De groene reflex is crisisbestendig
Ondanks de crisis bleven de investeringen in energie-efficiëntie voor commerciële gebouwen vrij stabiel. Dat blijkt uit de Energy Efficiency Indicator voor 2010 die gepubliceerd werd door Johnson Controls.
In 1885 installeerde de Amerikaan Warren S. Johnson de eerste elektrische kamerthermostaat om in lokalen de temperatuur te regelen. Daaruit vloeide al snel de Johnson Electric Service Company voort, een bedrijfje dat de professor samen met enkele investeerders oprichtte.

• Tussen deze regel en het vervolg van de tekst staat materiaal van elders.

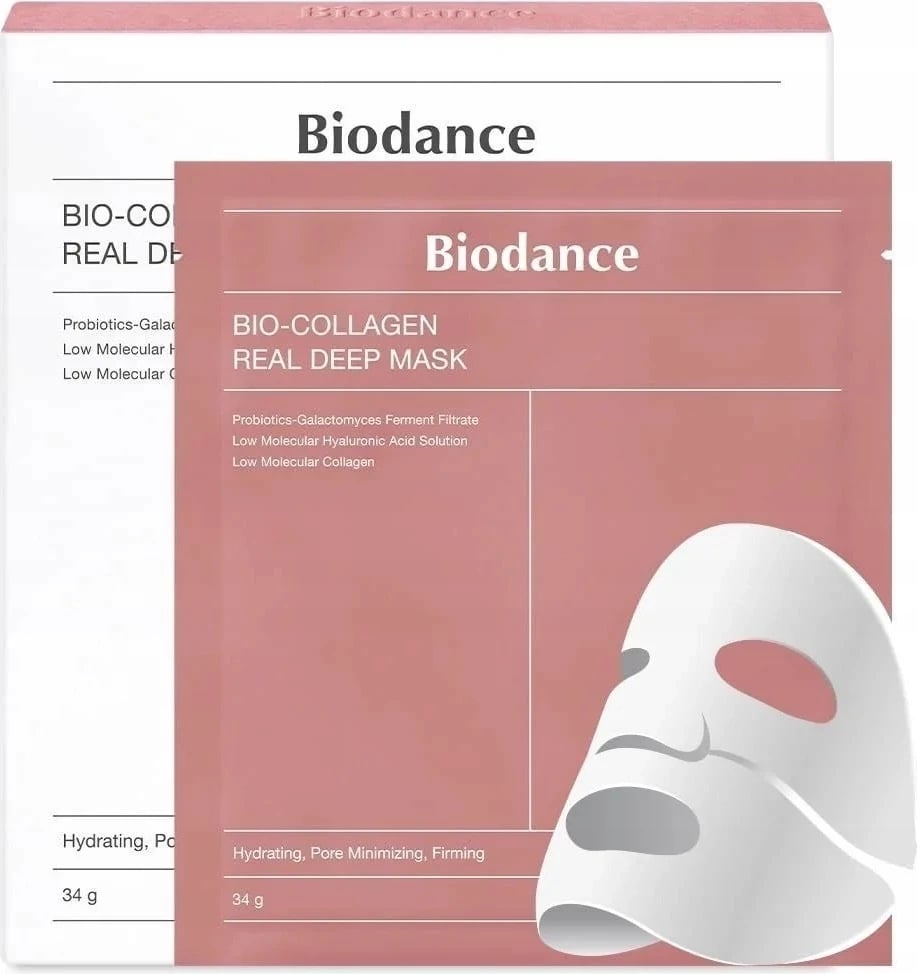 Maskë për fytyrë Biodance Bio-Collagen Real Deep Mask për femra, 4 copë
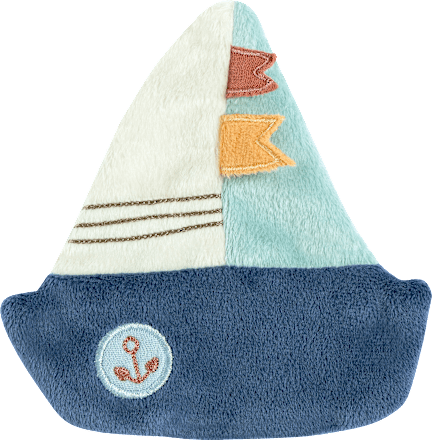 Knistertier Boot, weiß & blau fehn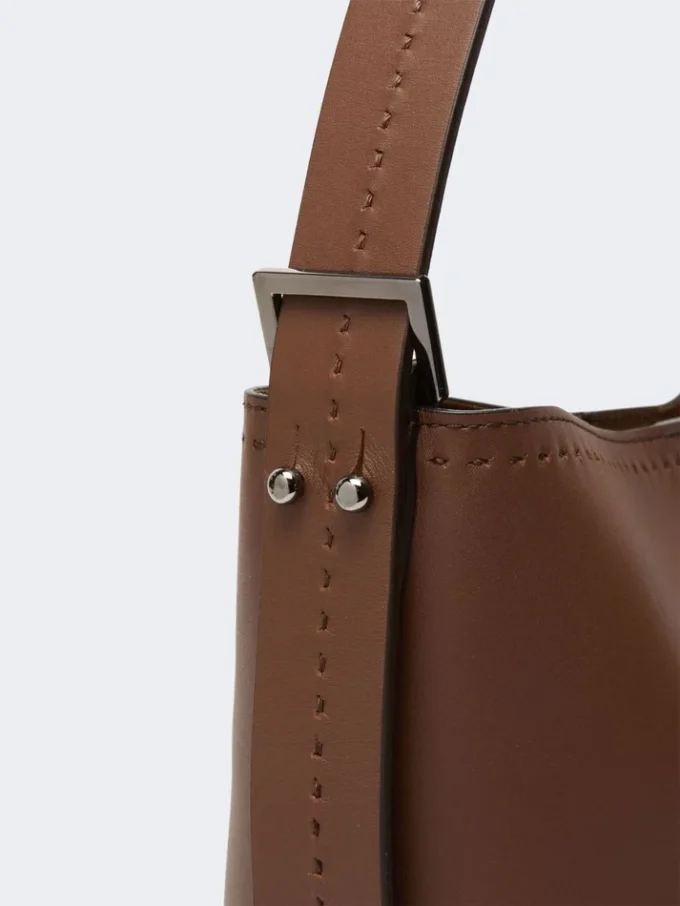 Archetipo small leather bag, brown Archetipo small leather bag, brown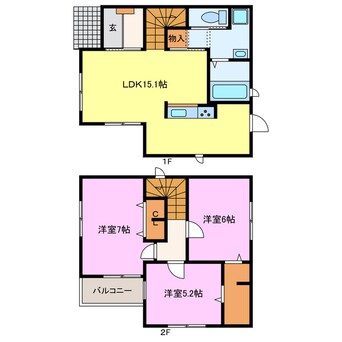 間取図 御供所町４－２７KODATEX　Ⅳ　B棟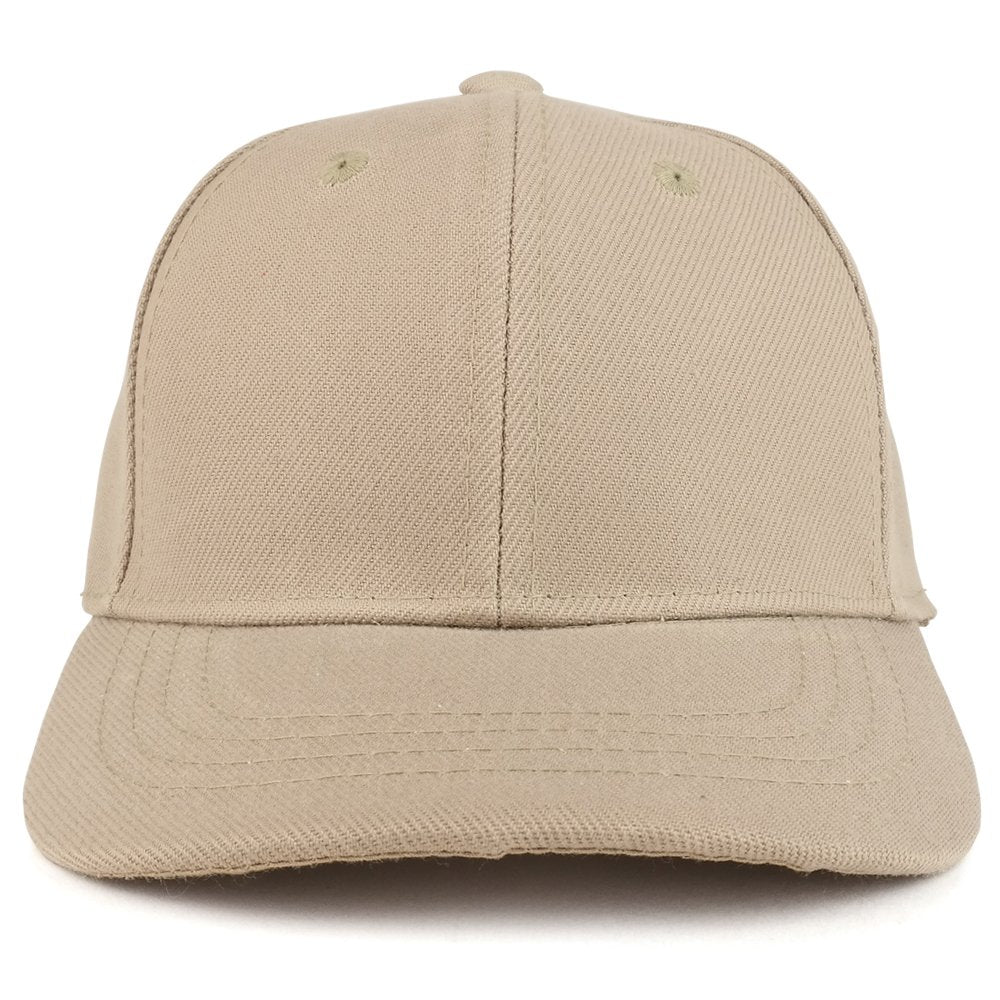 Trendy Apparel Shop Plain Youth Size Kid's Adjustable Structured Baseball Cap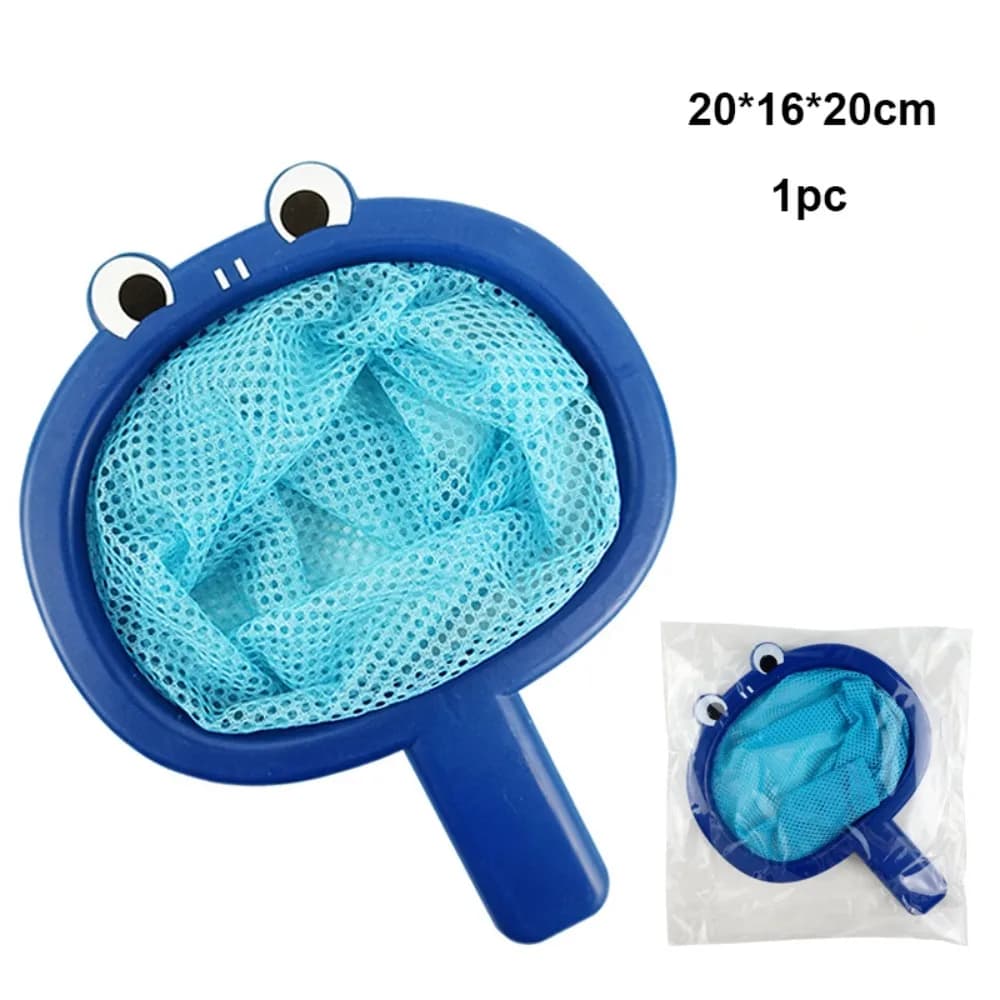 1 pz/1 set giocattoli da bagno in plastica per bambini animali dei cartoni animati divertimento da bagno bambini che giocano in acqua reti da pesca per ragazzi e ragazze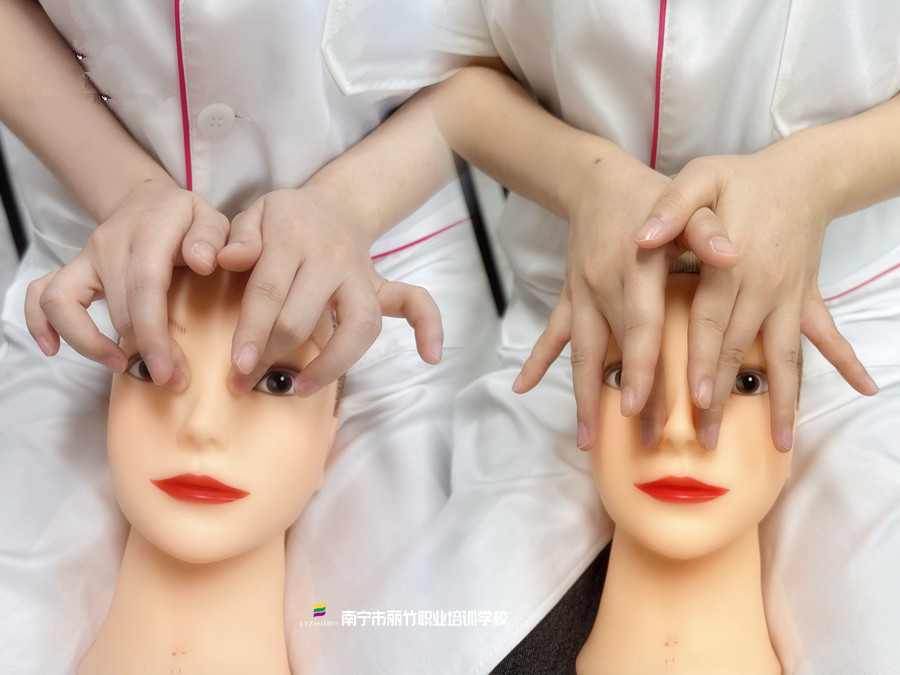 假頭模練習(xí)美容有什么好處，南寧美容培訓(xùn)學(xué)校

Vandaag – 125 jaar later – kennen we het als Johnson Controls, de wereldleider in oplossingen en producten voor een betere energie-efficiëntie van gebouwen. Bekende toepassingen zijn de HVAC-systemen (heating ventilation air conditioning) en koelingsystemen voor residentiële, commerciële en industriële panden.
Johnson Controls ontwikkelde samen met de International Facility Management Association ook de Energy Efficiency Indicator (EEI). Die wordt jaarlijks berekend en peilt naar de prioriteiten, praktijken en investerings-plannen voor het energiemanagement van commerciële gebouwen. “De eerste EEI dateert van 2007”, zegt Agostino Renna, vicepresident en general manager van Johnson Controls voor Zuid- en Centraal-Europa. “Die was gebaseerd op de feedback van 1200 bedrijfsleiders die doorgaans gevestigd waren in Noord-Amerika. Anno 2010 is de indicator uitgegroeid tot een internationale referentie: 2882 bedrijven in de Verenigde Staten en Canada, het Verenigd Koninkrijk, Frankrijk, Duitsland, Spanje, Italië, Polen, China en India waren betrokken bij het onderzoek.”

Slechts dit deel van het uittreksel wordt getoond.